= Thomas Bassendyne =

Thomas Bassendyne (died 1577), also Bassandyne or Bassinden, was the printer of the earliest translation of the New Testament published in Scotland.

==Background==
Bassendyne was trained in Antwerp, Paris and Leiden, returning to Scotland in 1558.

Bassendyne carried on the business of a printer, conjointly with that of bookbinder and bookseller, at Nether Bow, Edinburgh. There is a tradition that he at one time occupied the house still pointed out as that of John Knox, and support was claimed for the tradition from the fact that Society Close in the neighbourhood was formerly called Bassendyne's Close. This, however, is sufficiently accounted for by the fact that Bassendyne occupied a tenement at the Nether Bow on the south side of the High Street, nearly opposite Knox's house.

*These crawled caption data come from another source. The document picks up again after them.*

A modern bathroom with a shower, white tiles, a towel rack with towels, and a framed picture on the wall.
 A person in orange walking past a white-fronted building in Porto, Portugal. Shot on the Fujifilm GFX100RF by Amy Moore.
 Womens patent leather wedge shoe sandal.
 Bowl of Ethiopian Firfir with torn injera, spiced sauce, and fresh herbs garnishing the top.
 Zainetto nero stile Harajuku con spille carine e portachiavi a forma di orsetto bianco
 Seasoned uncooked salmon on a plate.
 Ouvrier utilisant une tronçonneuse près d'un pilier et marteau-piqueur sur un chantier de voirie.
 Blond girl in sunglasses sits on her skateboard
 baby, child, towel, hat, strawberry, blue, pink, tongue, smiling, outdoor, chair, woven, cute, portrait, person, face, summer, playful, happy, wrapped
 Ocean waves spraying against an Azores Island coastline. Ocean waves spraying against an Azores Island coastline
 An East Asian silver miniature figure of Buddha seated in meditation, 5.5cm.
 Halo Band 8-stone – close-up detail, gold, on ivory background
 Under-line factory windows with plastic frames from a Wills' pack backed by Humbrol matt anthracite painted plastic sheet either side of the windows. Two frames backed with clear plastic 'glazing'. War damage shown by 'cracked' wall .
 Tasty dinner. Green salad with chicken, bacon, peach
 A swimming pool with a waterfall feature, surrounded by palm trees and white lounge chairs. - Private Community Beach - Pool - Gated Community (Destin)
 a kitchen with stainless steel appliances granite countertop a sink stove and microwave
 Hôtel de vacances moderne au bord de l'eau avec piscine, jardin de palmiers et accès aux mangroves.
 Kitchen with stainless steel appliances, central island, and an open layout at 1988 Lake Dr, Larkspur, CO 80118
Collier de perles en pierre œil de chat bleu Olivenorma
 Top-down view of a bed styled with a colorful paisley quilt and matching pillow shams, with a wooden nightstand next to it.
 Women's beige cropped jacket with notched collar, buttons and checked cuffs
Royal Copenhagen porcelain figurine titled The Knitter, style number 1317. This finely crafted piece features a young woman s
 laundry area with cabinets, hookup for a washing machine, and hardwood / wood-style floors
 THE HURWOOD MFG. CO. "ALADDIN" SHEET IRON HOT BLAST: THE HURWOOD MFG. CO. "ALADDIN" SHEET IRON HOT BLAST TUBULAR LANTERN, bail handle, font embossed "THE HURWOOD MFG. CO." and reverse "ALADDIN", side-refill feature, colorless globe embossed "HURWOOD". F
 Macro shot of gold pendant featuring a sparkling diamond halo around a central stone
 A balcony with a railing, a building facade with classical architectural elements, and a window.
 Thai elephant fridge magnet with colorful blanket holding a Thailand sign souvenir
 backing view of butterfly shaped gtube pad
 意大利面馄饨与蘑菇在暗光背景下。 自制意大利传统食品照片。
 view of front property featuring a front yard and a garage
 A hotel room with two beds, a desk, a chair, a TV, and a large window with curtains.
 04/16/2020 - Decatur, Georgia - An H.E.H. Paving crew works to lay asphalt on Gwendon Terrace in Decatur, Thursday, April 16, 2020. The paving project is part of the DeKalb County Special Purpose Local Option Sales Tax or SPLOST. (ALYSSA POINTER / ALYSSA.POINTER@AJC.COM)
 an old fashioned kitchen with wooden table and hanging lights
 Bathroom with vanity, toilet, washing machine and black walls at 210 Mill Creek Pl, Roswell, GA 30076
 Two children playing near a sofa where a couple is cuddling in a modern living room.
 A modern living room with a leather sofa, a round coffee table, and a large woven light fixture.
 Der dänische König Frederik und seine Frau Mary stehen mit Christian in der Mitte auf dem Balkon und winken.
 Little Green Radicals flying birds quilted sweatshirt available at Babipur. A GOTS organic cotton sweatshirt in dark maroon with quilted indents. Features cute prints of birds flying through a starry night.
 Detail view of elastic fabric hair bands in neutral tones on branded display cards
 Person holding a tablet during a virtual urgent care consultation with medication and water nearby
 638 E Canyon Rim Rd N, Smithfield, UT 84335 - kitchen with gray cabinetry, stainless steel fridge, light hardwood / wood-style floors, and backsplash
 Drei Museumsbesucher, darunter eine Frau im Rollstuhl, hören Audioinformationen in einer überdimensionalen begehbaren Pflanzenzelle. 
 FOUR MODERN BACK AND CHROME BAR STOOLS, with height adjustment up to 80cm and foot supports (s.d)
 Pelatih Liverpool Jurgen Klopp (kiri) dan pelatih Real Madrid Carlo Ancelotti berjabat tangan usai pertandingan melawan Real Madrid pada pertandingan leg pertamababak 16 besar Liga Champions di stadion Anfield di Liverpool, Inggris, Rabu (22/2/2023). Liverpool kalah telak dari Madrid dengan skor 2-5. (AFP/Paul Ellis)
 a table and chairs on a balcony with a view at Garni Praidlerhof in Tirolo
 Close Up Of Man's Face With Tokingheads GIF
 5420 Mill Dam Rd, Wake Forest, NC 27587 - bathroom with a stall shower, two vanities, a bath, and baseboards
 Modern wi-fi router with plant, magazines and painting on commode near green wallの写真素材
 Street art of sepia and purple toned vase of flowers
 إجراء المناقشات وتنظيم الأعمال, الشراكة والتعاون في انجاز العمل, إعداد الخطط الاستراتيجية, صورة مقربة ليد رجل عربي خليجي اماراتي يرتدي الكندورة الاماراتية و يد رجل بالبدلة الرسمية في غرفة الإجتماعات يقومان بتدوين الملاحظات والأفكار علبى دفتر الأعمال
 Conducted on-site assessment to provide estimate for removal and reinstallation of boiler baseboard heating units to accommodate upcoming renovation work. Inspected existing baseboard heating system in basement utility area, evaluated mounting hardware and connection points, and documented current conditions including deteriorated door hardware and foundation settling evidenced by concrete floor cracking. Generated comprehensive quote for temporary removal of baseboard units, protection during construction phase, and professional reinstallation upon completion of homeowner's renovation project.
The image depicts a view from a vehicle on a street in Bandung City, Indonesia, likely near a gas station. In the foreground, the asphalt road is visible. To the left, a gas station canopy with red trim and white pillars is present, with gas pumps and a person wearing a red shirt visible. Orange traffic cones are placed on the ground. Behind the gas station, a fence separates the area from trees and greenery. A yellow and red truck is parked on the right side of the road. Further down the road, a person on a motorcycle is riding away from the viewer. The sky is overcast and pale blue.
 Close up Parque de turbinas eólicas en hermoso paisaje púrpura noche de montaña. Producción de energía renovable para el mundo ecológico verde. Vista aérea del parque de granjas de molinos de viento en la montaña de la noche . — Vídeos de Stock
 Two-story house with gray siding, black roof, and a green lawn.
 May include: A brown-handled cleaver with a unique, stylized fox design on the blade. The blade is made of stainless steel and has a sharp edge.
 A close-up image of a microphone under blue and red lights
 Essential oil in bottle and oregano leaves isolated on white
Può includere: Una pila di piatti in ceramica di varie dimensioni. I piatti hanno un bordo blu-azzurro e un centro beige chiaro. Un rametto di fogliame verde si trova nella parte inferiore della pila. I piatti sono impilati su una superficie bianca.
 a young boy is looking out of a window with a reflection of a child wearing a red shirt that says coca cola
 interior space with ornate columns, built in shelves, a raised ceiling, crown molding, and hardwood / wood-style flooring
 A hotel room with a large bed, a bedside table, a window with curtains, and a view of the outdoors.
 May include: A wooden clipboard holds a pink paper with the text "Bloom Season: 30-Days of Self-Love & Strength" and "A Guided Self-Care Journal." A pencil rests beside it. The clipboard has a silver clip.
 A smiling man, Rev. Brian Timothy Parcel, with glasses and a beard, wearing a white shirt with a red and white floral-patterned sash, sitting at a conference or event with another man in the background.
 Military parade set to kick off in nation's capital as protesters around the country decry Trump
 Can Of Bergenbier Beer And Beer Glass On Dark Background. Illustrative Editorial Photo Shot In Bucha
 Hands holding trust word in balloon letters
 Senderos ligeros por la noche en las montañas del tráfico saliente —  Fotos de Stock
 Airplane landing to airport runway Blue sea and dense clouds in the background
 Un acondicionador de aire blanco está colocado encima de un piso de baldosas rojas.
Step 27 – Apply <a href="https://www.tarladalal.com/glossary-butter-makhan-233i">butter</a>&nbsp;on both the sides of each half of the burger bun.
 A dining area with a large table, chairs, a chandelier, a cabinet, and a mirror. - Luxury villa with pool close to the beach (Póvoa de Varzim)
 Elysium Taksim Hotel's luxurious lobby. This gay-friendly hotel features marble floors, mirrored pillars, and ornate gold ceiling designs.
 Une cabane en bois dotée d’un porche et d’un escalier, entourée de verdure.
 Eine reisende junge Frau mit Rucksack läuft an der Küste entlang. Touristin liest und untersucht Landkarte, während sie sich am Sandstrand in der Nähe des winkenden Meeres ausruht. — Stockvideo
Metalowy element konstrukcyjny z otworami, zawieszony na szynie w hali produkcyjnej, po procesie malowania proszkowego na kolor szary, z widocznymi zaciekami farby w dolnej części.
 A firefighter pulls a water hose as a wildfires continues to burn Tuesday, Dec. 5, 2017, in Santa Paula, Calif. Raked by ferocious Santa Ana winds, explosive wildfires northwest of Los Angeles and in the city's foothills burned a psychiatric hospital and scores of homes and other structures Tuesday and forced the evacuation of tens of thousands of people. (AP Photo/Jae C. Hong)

The exact site of the building is placed beyond doubt by the evidence of George Dalgleish in reference to the murder of Darnley: "efter they enterit within the [Nether Bow] Port, thai zeid up abone Bassyntine's house, on the south side of the gait". The tall narrow tenement which now occupies this site is of later date than the time of Bassendyne, although some of the rooms in the back part may have been occupied by him. In 1568 Bassendyne was enjoined by the general assembly of the ‘kirk’ to call in two books printed by him: 'The Fall of the Roman Kirk,’ in which the king is called 'supreme head of the primitive kirk,’ and a 'Psalme Booke,’ with a 'bawdy song,’ 'Welcome Fortune,’ &c., printed at the end of it.

==King's Printer==
It would seem that Bassendyne held the office of king's printer, for in 1573 he printed 'The King's Majesty's Proclamation beiring the verie occasion of the present incumming of the English forces, with his hienes commandement for their gude treatment and friendly usage.' In 1574, while 'dwelland at the Nether Bow,’ he printed his beautiful edition of the works of Sir David Lindsay, 'newly correctit and vindicated from the former errours.' Along with Alexander Arbuthnot, merchant of Edinburgh, he, in March 1575, presented to the assembly certain articles for the printing of an English bible. The license to print was obtained from the privy council in July following, an obligation being entered into to have the book ready within nine months.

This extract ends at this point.